John Martin Dam is an earth-fill embankment dam that stands 118 ft tall and 2.6 mi long. A portion of the dam's midsection is a concrete spillway controlled by 16 radial gates which empty into the Arkansas River. When the reservoir is filled to its maximum capacity, the spillway has a discharge capacity of 660000 cuft/s. When the reservoir is filled to the top of its flood control pool, the river outlet has a capacity of 16300 cuft/s.

==Management==
The Albuquerque District of the U.S. Army Corps of Engineers manages the dam and the reservoir for the purposes of flood control and irrigation, a shelter house as well as the Caddoa Disc Golf Course. The Corps also oversees 19471 acres adjoining the park as the USACE John Martin Reservoir Wildlife Area , a petroglyph site called Hicklin Springs as well as dispersed dinosaur track sites. Colorado Parks and Wildlife manages the reservoir surface and all recreational activities at the reservoir including John Martin Reservoir State Park.

==Parks and recreation==

John Martin Reservoir State Park is located on the north shore of the reservoir's eastern end, and it extends east to include the area immediately below the dam. The park hosts boat ramps, camping facilities, a hiking trail, and wetland habitats. Below the dam is a small reservoir named Lake Hasty which includes a swimming beach.

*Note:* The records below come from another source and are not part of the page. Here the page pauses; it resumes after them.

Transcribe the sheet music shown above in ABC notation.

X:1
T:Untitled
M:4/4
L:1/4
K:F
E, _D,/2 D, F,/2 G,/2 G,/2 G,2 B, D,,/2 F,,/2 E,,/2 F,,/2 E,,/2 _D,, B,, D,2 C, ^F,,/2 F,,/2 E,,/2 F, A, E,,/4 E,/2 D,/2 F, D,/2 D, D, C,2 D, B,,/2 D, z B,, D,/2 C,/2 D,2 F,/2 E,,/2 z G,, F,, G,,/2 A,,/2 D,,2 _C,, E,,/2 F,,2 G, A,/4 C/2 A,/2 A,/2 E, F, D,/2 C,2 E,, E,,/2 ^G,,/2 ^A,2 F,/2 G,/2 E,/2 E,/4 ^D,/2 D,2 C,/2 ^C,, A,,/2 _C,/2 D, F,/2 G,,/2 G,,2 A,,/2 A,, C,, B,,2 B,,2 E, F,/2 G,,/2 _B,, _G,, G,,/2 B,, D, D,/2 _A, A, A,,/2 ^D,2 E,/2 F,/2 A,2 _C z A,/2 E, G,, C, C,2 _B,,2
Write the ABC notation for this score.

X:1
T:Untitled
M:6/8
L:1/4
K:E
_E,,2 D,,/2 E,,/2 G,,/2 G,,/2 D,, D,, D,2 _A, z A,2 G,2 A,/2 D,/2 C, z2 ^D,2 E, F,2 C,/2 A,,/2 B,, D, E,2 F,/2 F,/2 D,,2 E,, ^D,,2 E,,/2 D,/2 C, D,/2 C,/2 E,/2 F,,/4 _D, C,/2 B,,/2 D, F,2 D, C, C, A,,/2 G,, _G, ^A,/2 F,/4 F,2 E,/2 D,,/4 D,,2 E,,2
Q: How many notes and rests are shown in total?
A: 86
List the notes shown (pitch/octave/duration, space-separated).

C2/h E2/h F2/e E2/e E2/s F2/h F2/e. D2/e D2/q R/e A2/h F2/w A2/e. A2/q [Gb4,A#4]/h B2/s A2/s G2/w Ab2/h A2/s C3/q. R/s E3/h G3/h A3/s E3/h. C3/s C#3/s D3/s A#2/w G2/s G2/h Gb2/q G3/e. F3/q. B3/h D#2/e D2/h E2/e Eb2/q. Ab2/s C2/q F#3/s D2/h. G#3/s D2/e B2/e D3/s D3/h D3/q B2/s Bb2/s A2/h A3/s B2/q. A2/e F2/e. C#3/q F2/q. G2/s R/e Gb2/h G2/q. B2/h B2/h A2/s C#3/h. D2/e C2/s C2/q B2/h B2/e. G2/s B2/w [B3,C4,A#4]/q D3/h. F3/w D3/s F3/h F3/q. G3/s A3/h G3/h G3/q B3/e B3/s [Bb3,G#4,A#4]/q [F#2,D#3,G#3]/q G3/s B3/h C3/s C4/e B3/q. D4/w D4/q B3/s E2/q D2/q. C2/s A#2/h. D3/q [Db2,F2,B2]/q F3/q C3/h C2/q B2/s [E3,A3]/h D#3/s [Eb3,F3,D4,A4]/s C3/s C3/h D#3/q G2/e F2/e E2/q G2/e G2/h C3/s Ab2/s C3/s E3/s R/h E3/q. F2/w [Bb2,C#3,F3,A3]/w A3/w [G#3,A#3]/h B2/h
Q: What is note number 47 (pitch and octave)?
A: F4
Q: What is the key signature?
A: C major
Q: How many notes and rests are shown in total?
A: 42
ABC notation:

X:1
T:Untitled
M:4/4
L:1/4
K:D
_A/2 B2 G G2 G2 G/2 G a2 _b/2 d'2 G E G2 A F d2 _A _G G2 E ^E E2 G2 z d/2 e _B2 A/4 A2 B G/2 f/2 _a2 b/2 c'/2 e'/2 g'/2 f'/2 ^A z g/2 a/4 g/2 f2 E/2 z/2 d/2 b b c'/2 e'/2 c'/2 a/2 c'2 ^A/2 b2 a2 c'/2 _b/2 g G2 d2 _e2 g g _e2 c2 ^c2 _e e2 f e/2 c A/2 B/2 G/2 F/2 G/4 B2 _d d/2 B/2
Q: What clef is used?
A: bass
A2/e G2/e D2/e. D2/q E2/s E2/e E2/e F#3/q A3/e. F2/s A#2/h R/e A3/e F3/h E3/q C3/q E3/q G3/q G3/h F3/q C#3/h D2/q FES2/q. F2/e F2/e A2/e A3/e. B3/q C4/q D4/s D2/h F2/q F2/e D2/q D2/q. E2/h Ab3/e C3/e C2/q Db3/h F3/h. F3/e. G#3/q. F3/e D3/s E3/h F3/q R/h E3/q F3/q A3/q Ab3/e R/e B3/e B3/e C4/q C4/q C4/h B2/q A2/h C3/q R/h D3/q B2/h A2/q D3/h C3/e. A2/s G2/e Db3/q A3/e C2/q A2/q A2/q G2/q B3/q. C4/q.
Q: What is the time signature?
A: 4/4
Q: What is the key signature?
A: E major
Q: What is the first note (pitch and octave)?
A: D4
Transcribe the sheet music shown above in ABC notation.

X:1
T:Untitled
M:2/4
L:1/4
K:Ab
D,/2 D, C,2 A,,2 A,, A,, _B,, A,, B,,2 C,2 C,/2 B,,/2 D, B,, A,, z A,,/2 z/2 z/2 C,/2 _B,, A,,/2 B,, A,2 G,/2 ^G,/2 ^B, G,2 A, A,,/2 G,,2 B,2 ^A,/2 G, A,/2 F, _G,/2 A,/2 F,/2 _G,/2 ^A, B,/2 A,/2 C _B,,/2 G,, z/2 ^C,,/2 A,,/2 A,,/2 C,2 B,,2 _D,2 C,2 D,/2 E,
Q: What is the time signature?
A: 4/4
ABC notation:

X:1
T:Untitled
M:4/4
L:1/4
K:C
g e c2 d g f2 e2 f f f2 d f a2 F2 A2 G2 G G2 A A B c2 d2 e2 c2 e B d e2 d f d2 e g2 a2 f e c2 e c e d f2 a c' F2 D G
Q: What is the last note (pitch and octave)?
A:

John Martin Reservoir is open for sport fishing. Hunting is forbidden in the state park but permitted in the neighboring wildlife area.

===Points of interest===
A preserved 0.5 mi section of the Santa Fe Trail lies north of the reservoir, commemorated by a historical marker placed by the Daughters of the American Revolution.

Fort Lyon National Cemetery is located immediately west of the reservoir.

Hicklin Springs Petroglyph Site located North of the reservoir

Boggsville Historic Site

Zebulon Pike Monument

Red Shin Hiking Trail

John Martin Dam Tours

==Wildlife==
John Martin Reservoir is a productive warm water fishery, providing species including saugeye, wiper, white bass, crappie, and catfish. These fish are stocked as needed.

With 373 documented species of birds in Bent County, John Martin Reservoir is considered a premier birding area, including the Interior Least Tern, The Piping Plover and the Eastern Black Rail. Additionally, during winter months, bald eagles can be found throughout the area. During the winter of 2001–2002, 126 eagles were documented.

Other wildlife common in the area include deer, prairie dogs, rabbits, raccoons, and squirrels.